Observe-t-on des formes de concurrence entre la participation citoyenne et le dialogue avec les structures de citoyens organisés ?
Encore trop souvent en France, ces formes de dialogues sont traitées séparément. Nous plaidons pour qu’il y ait plus de porosité entre les dispositifs de participation citoyenne et les dispositifs de concertation des associations, car il y a beaucoup d’enrichissement mutuel.
Le fait de les organiser en silos organise consciemment ou non une forme de concurrence symbolique qui est délétère. Il serait inconscient de laisser croire que les citoyens ordinaires ont une sorte de solution magique là où les associations qui travaillent depuis longtemps les sujets pris en compte ne l’auraient pas trouvée. Il serait tout aussi dommageable de penser que les citoyens sont incompétents et ne seraient pas en capacité de proposer des solutions pertinentes.
Comment former les experts à l’écoute et à la prise en compte de la parole citoyenne sur des sujets dont ils ont la maîtrise technique ?
Cela se travaille avant tout par l’expérience. Quand on organise des démarches de concertation sur des sujets tels que le réchauffement climatique, les élus réalisent que, contrairement à ce qu’ils pensaient, les citoyens ne se sentent pas éloignés de ces questions et sont prêts à accompagner un changement bien plus important qu’ils ne l’imaginaient. Convaincre les élus de cela est complexe tant que l’on ne crée pas les conditions pour une concertation. Il faut la vivre !
Il en va de même pour le dialogue avec les associations. Si on reproduit les mêmes formats de réunion, descendants et figés, chacun reste sur ses positions, prévisibles. Si on propose des outils d’intelligence collective, on sort des postures pour rentrer dans une logique de co-construction de solutions.
La question est de savoir si l’on est capable d’organiser des réunions autrement et de se poser autrement les questions pour trouver ensemble des solutions.
Avec le Grand débat national et la Convention citoyenne pour le climat, la concertation citoyenne a été portée au niveau national comme une réponse aux récents troubles sociaux. Ces dispositifs peuvent-ils répondre au sentiment de fragmentation de la société ?

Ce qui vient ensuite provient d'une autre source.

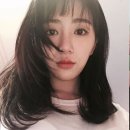 민아 이미지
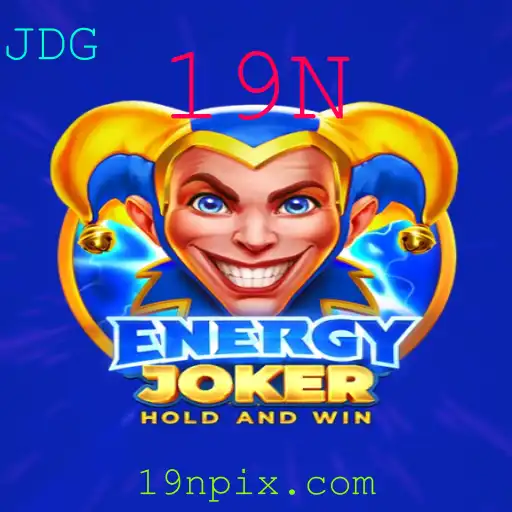 EnergyJoker: Explorando o Universo do Jogo com 19N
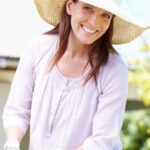 Summer safety tips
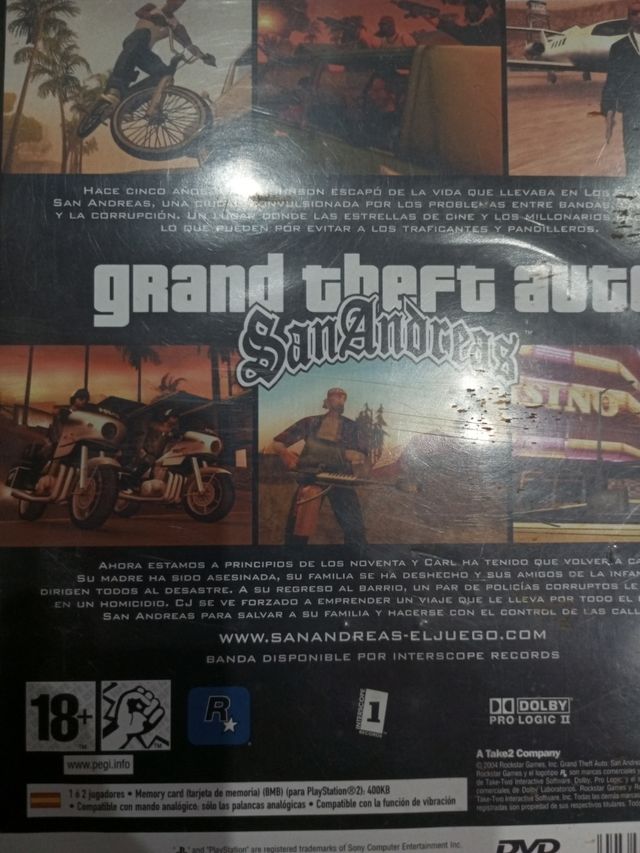 TDT AXIL RT1014U - Receptor TDT nuevo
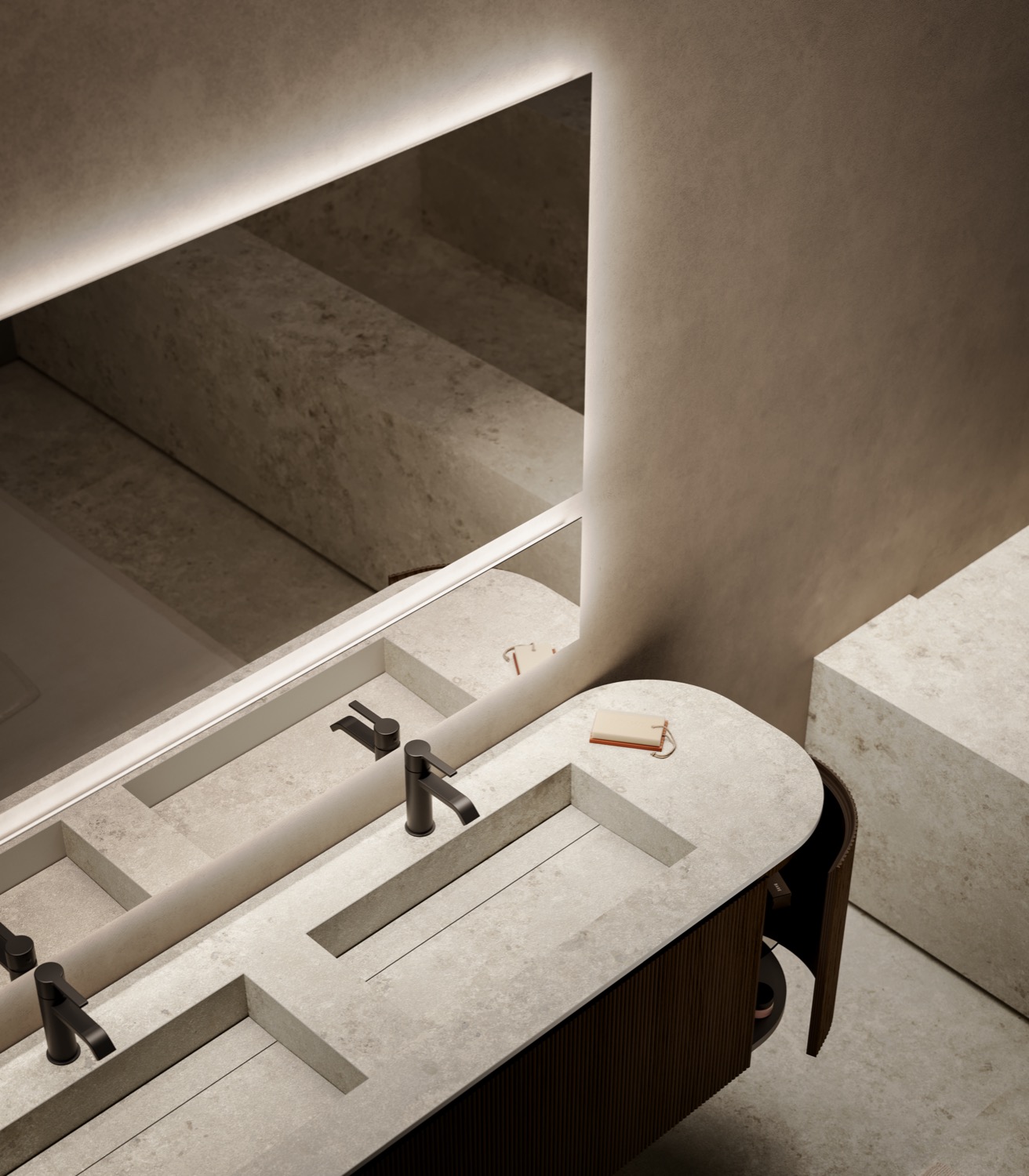 Arredobagno_131_25_ROUND_CANNETTATO_02_SPECCHIO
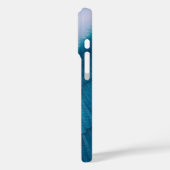 iPhone / iPad Faith Hoesjes 14 15 16 Pro Max (Achterkant / Links)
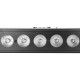 LedBar 243 RGB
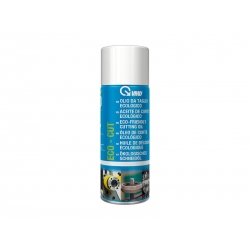 Rezný olej VMD 17220 ECO CUT 300ml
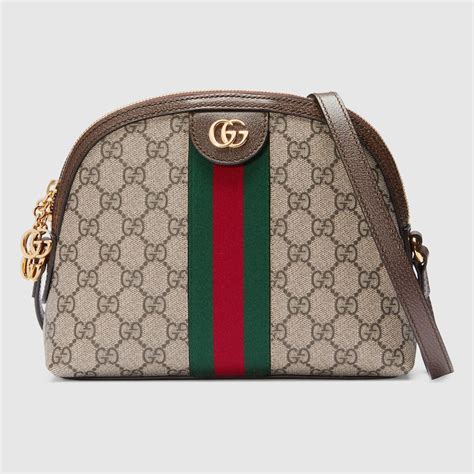 gucci ophidia shoulder bag price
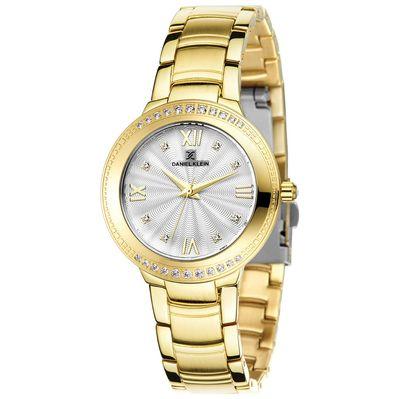 Наручний годинник Daniel Klein DK10974-1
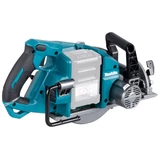 Kép 7/10 - Makita RS001G akkus körfűrész, 40V, 185mm (akku és töltő nélkül)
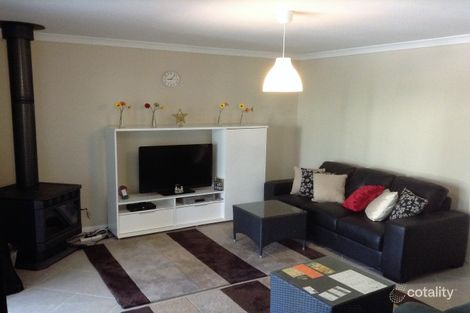 Property photo of 9 Howe Court Walpole WA 6398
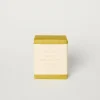 Vetiver with French Green Clay Soap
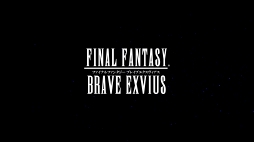 ���������꡼ No.001�Υ���ͥ������ / ��FFBE�ס��ǲ�֥���ޥ�/�����륫�ࡦ�ȥ�������󥰥�פȤΥ����CM�����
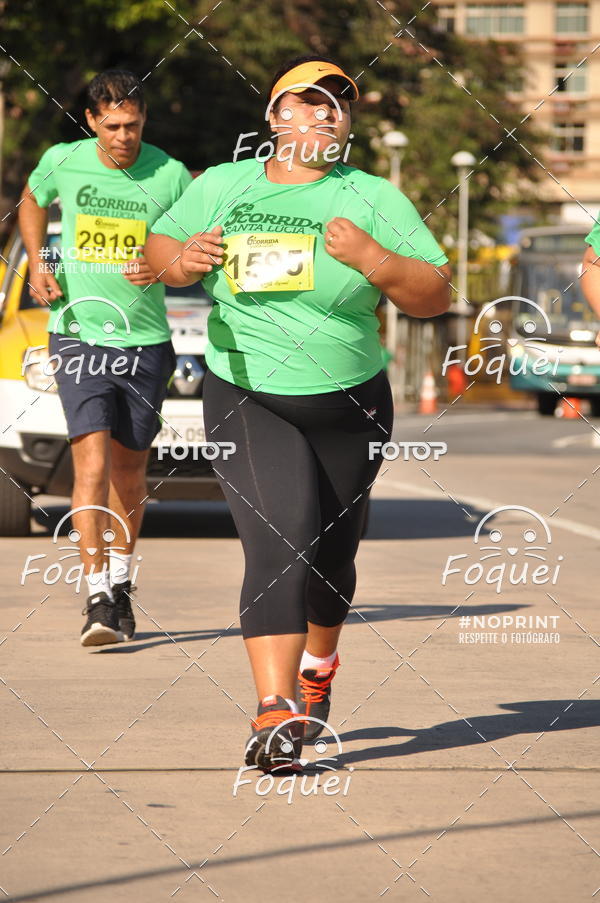Buy your photos of the event6� Corrida Santa L�cia on Fotop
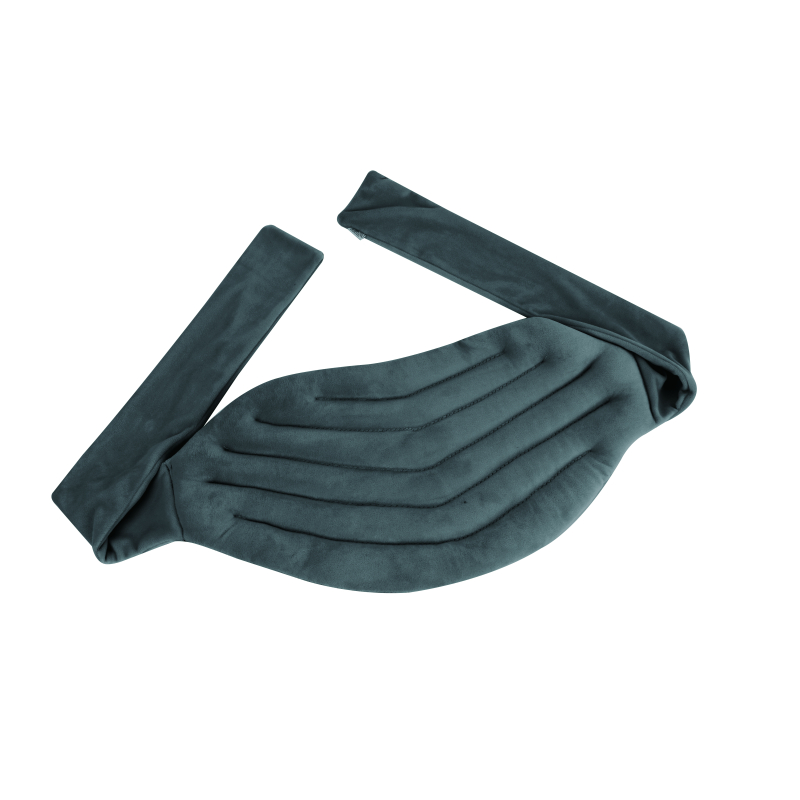 Ceinture lombaire graines de lin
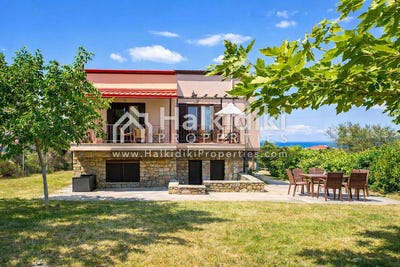 /international/gr/megali-panagia-macedonia-thrace-310108871068/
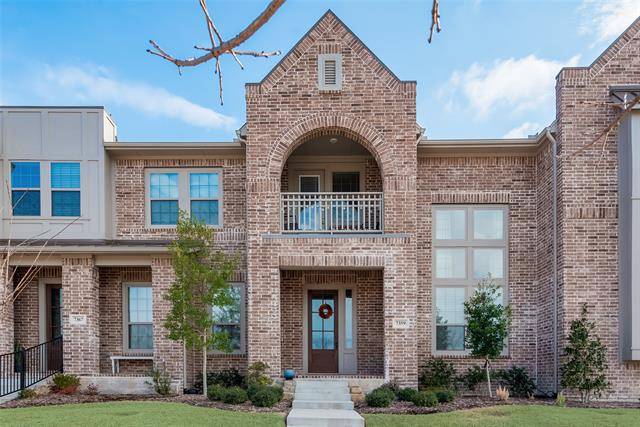 Frisco, TX 75033,7359 Switchgrass Road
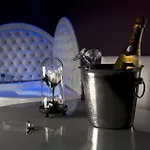 Masaniello Luxury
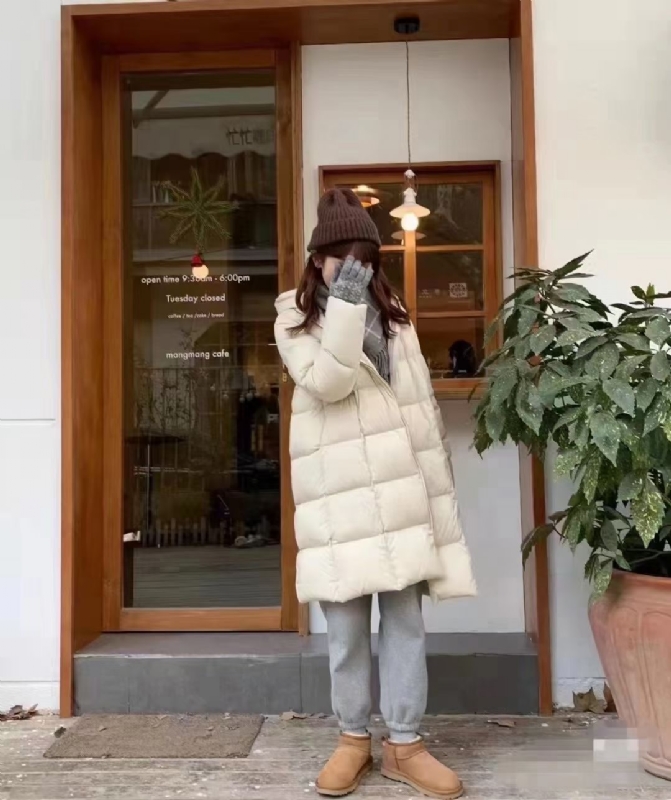 周书洋的第二张照片--宿州相亲服务中心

Ils ne pourront le faire que s’ils font la preuve de leur utilité ; si à l’issue de la convention citoyenne les propositions faites sont jugées pertinentes par la société française et que le gouvernement s’engage, comme il l’a annoncé dans la lettre de mission, à transmettre les recommandations sans filtre pour une traduction règlementaire, législative ou référendaire. Nous aurons alors fait la preuve de l’utilité de ces démarches et que cela vaut la peine d’y consacrer du temps. S’il ne se passe rien, nous n’aurons pas gagné la partie.
Les Objectifs de développement durable constituent-ils un cadre de référence pour mener des concertations citoyennes ?
Nous nous y inscrivons lorsque nous travaillons à l’international. Mais ils ne sont pas très connus ni mobilisateurs en France. Les collectivités ne s’en servent pas comme boussole pour repenser leurs politiques publiques.
En France, nous avons tendance à fragmenter les dispositifs et à solliciter parfois plusieurs fois les mêmes habitants de manière découpée, une fois pour un projet du quartier, une autre fois pour le PLU et encore une autre fois pour le plan de déplacement urbain. Or, si l’on part de l’expérience du citoyen, tous ces sujets sont reliés les uns aux autres. Les citoyens s’intéressent au projet de société qu’il y a derrière, d’autant plus à un moment où l’on a le sentiment d’observer une conjonction des crises, environnementales, sociales, économiques… Les Objectifs de développement durable offriraient un cadre pour penser un futur possible.